Organizowany przez Platformę Obywatelską, Nowoczesną i Komitet Obrony Demokracji \"Marsz Wolności\" wyruszy jutro po południu przez Warszawę. KOD już przygotowuje się do marszu – okleja puszki, żeby zbierać datki. Ciekawe czy i tym razem na proteście nie zabraknie Mateusza Kijowskiego, który oskarżony jest o przywłaszczenie 121 tys. zł ze zbiórek KOD.
Marsz zakończy się na Pl. Zamkowym, gdzie zorganizowany zostanie koncert z udziałem polskich muzyków. To już trzecie tego typu wydarzenie organizowane przez PO, Nowoczesną i KOD. Podobne manifestacje przeszły stołecznymi ulicami w maju 2016 i 2017 roku.
Na trasie marszu mają stanąć dwie sceny. Pierwsza zostanie umieszczona na Rondzie de Gaulle'a, na której w krótkich przemówieniach uczestników powitają liderzy opozycji. Druga, większa usytuowana zostanie na Placu Zamkowym. Tam znów spodziewać się można wystąpień szefów formacji organizujących manifestację, a także samorządowców, kandydatów opozycji na prezydentów miast i zaproszonych gości.
Udział w marszu zapowiedzieli "znane twarze" m.in. byli prezesi Trybunału Konstytucyjnego, profesorowie Andrzej Rzepliński i Jerzy Stępień oraz były I Prezes Sądu Najwyższego prof. Adam Strzembosz. Pojawią się także aktorzy, którzy od początku są przeciwnikami rządu Prawa i Sprawiedliwości: Dorota Stalińska, Jerzy Radziwiłowicz i Daniel Olbrychski.
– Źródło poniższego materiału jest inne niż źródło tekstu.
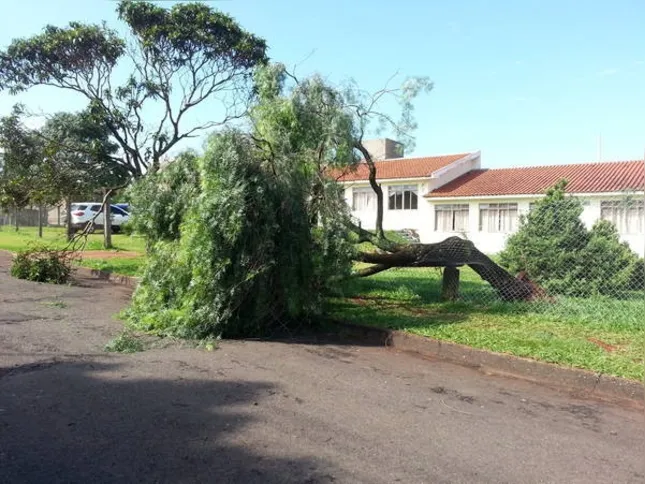 Imagem ilustrativa da imagem Temporal causa estragos na zona sul de Arapongas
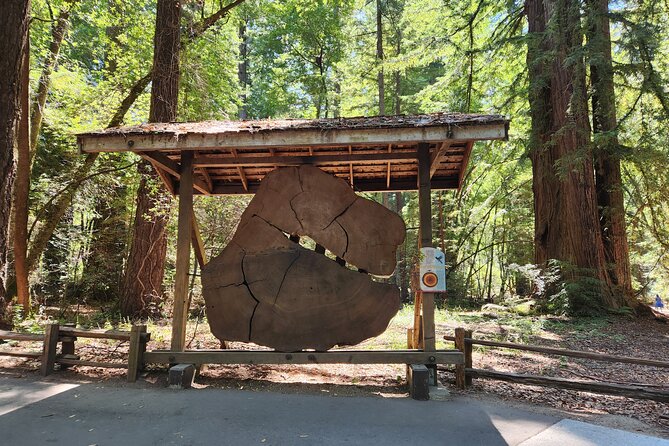 Train Ride Adventure Through Mother Natures Giant Redwoods Park - Frequently Asked Questions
KOD, jeden z współorganizatorów "Marszu Wolności" ostro się do niego przygotowuje – okleja puszki, żeby móc zbierać do nich datki:
Swoją drogą - jeśli myślisz, że masz przewaloną robotę, pomyśl o tym że mogłeś obklejać puszki dla #KOD pic.twitter.com/VS79Af9B9K
— KOW z KOD (@KOW_z_KOD) 11 maja 2018
Przypomnijmy, że niedawno w Pruszkowie ruszył proces byłego lidera Komitetu Obrony Demokracji, Mateusza Kijowskiego oraz byłego skarbnika KOD Piotra Ch., którzy zostali oskarżeni o poświadczenie nieprawdy w fakturach i przywłaszczenie 121 tys. zł ze zbiórek KOD. Ciekawi jesteśmy czy na jutrzejszym marszu też ich nie zabraknie...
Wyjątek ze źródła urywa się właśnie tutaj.